# Captioned web image data
____
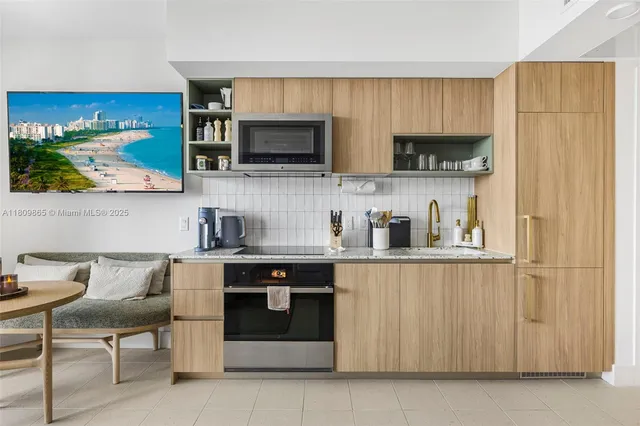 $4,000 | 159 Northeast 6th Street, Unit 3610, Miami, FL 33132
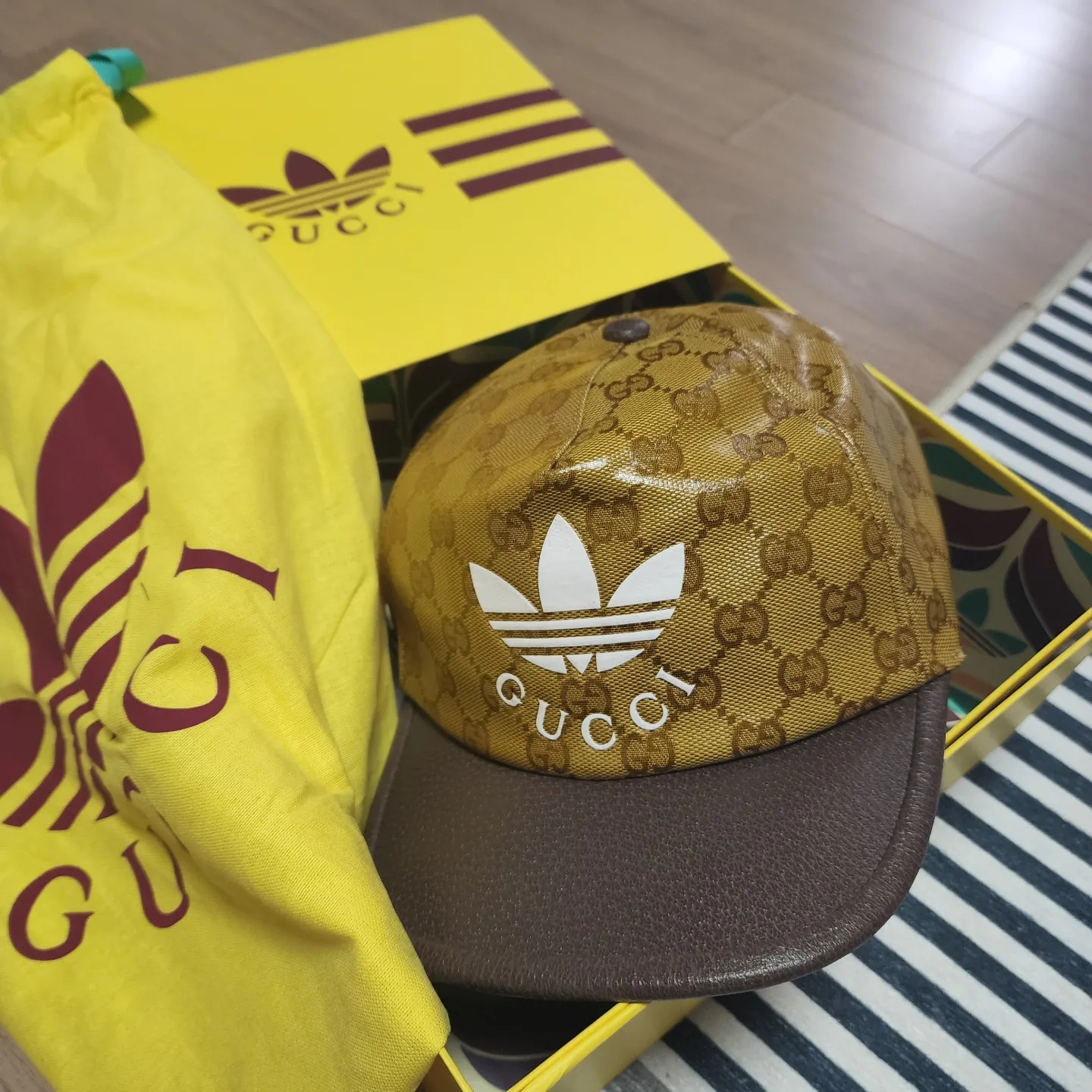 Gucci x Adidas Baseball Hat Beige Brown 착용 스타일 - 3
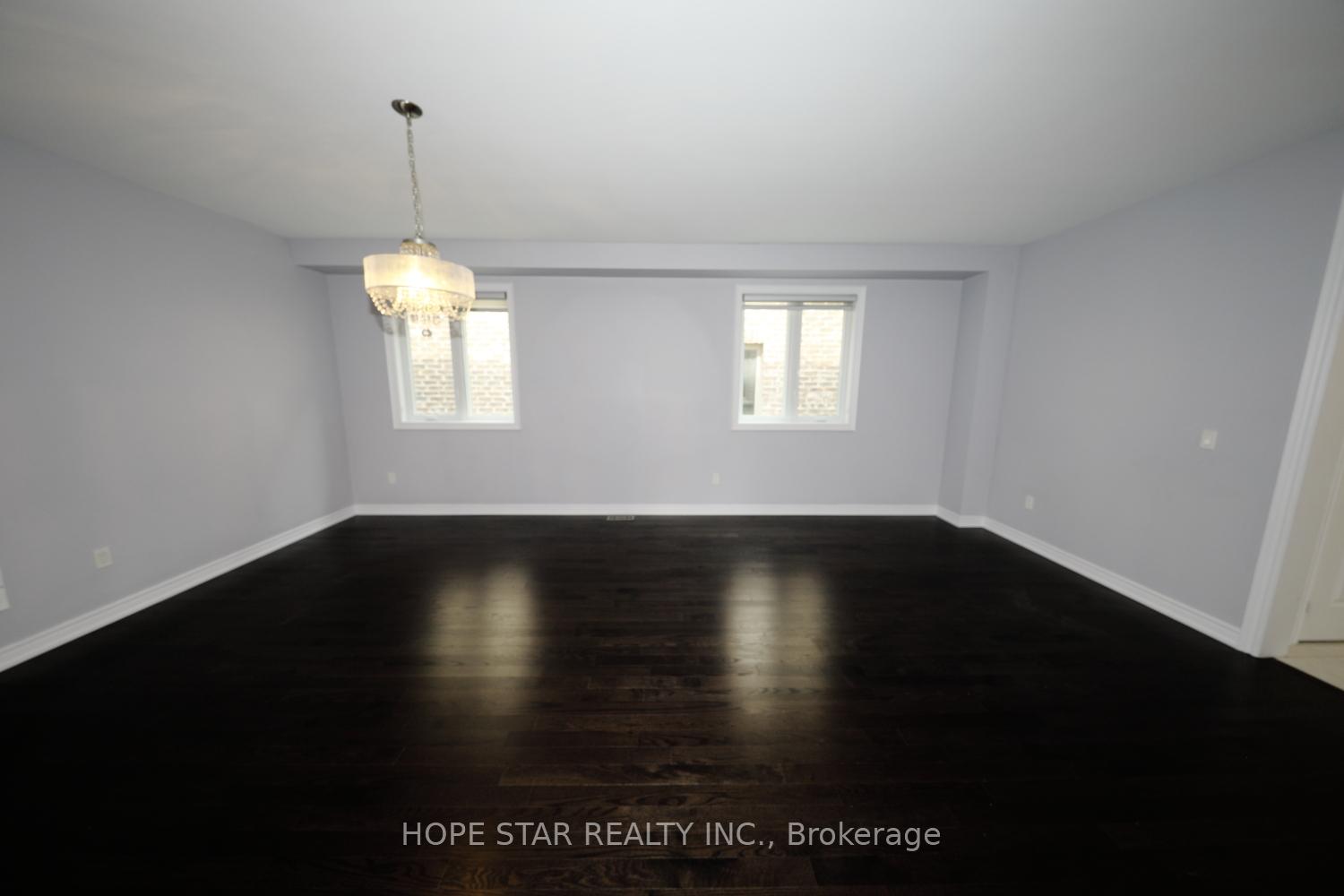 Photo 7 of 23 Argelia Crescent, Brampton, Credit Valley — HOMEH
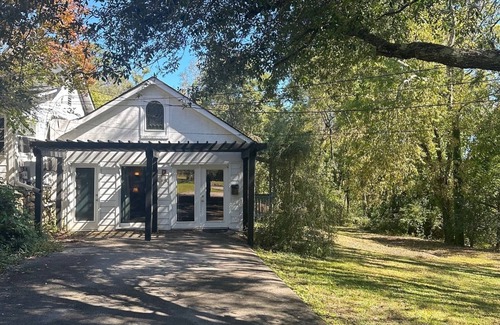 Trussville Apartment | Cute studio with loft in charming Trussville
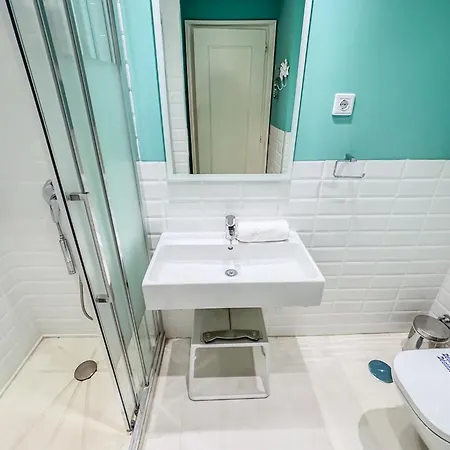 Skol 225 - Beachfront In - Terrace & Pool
____
# PROBLEM TO WORK ON
Repeat the records word for word. Leave out whatever pictures they hold.

# RESPONSE
 $4,000 | 159 Northeast 6th Street, Unit 3610, Miami, FL 33132
 Gucci x Adidas Baseball Hat Beige Brown 착용 스타일 - 3
 Photo 7 of 23 Argelia Crescent, Brampton, Credit Valley — HOMEH
 Trussville Apartment | Cute studio with loft in charming Trussville
 Skol 225 - Beachfront In - Terrace & Pool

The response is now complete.